**Task objective:** Repeat each record below exactly as given.

■ ■ ■

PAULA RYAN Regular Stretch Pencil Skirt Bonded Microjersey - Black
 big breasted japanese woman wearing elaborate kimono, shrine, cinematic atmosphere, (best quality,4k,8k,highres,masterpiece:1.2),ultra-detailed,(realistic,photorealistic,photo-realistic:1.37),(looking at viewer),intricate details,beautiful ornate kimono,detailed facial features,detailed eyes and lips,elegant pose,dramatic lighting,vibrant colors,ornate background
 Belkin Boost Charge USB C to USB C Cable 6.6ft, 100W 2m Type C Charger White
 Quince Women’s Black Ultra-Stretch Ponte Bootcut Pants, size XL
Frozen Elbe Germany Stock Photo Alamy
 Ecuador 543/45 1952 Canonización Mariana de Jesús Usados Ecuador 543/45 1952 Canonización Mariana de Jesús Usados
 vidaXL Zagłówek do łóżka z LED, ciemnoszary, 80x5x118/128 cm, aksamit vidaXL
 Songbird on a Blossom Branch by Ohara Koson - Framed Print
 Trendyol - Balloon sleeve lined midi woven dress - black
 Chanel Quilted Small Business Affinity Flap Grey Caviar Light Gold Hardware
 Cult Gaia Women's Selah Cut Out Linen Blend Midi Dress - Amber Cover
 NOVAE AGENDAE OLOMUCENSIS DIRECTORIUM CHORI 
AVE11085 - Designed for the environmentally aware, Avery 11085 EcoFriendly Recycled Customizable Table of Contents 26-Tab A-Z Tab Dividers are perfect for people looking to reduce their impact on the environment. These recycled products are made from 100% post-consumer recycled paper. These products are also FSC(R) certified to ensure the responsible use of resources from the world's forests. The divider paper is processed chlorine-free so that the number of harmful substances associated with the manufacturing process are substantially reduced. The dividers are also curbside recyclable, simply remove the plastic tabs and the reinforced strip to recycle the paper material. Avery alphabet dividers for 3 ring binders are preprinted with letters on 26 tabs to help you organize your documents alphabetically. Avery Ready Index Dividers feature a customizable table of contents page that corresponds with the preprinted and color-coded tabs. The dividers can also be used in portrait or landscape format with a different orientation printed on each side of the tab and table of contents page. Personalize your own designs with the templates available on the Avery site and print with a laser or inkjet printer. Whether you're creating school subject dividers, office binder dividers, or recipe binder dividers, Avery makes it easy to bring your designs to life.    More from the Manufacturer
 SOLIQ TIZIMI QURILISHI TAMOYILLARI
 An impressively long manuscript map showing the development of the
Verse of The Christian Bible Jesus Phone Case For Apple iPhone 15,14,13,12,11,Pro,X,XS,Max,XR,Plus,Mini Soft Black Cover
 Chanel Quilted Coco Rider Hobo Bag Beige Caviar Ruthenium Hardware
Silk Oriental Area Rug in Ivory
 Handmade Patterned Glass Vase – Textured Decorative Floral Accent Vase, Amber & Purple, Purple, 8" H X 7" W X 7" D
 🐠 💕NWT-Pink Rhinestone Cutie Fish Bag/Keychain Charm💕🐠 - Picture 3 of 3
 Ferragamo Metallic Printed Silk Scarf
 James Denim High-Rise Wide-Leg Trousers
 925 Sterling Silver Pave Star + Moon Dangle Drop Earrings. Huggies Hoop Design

■ ■ ■

**Result below:**
PAULA RYAN Regular Stretch Pencil Skirt Bonded Microjersey - Black
 big breasted japanese woman wearing elaborate kimono, shrine, cinematic atmosphere, (best quality,4k,8k,highres,masterpiece:1.2),ultra-detailed,(realistic,photorealistic,photo-realistic:1.37),(looking at viewer),intricate details,beautiful ornate kimono,detailed facial features,detailed eyes and lips,elegant pose,dramatic lighting,vibrant colors,ornate background
 Belkin Boost Charge USB C to USB C Cable 6.6ft, 100W 2m Type C Charger White
 Quince Women’s Black Ultra-Stretch Ponte Bootcut Pants, size XL
Frozen Elbe Germany Stock Photo Alamy
 Ecuador 543/45 1952 Canonización Mariana de Jesús Usados Ecuador 543/45 1952 Canonización Mariana de Jesús Usados
 vidaXL Zagłówek do łóżka z LED, ciemnoszary, 80x5x118/128 cm, aksamit vidaXL
 Songbird on a Blossom Branch by Ohara Koson - Framed Print
 Trendyol - Balloon sleeve lined midi woven dress - black
 Chanel Quilted Small Business Affinity Flap Grey Caviar Light Gold Hardware
 Cult Gaia Women's Selah Cut Out Linen Blend Midi Dress - Amber Cover
 NOVAE AGENDAE OLOMUCENSIS DIRECTORIUM CHORI 
AVE11085 - Designed for the environmentally aware, Avery 11085 EcoFriendly Recycled Customizable Table of Contents 26-Tab A-Z Tab Dividers are perfect for people looking to reduce their impact on the environment. These recycled products are made from 100% post-consumer recycled paper. These products are also FSC(R) certified to ensure the responsible use of resources from the world's forests. The divider paper is processed chlorine-free so that the number of harmful substances associated with the manufacturing process are substantially reduced. The dividers are also curbside recyclable, simply remove the plastic tabs and the reinforced strip to recycle the paper material. Avery alphabet dividers for 3 ring binders are preprinted with letters on 26 tabs to help you organize your documents alphabetically. Avery Ready Index Dividers feature a customizable table of contents page that corresponds with the preprinted and color-coded tabs. The dividers can also be used in portrait or landscape format with a different orientation printed on each side of the tab and table of contents page. Personalize your own designs with the templates available on the Avery site and print with a laser or inkjet printer. Whether you're creating school subject dividers, office binder dividers, or recipe binder dividers, Avery makes it easy to bring your designs to life.    More from the Manufacturer
 SOLIQ TIZIMI QURILISHI TAMOYILLARI
 An impressively long manuscript map showing the development of the
Verse of The Christian Bible Jesus Phone Case For Apple iPhone 15,14,13,12,11,Pro,X,XS,Max,XR,Plus,Mini Soft Black Cover
 Chanel Quilted Coco Rider Hobo Bag Beige Caviar Ruthenium Hardware
Silk Oriental Area Rug in Ivory
 Handmade Patterned Glass Vase – Textured Decorative Floral Accent Vase, Amber & Purple, Purple, 8" H X 7" W X 7" D
 🐠 💕NWT-Pink Rhinestone Cutie Fish Bag/Keychain Charm💕🐠 - Picture 3 of 3
 Ferragamo Metallic Printed Silk Scarf
 James Denim High-Rise Wide-Leg Trousers
 925 Sterling Silver Pave Star + Moon Dangle Drop Earrings. Huggies Hoop Design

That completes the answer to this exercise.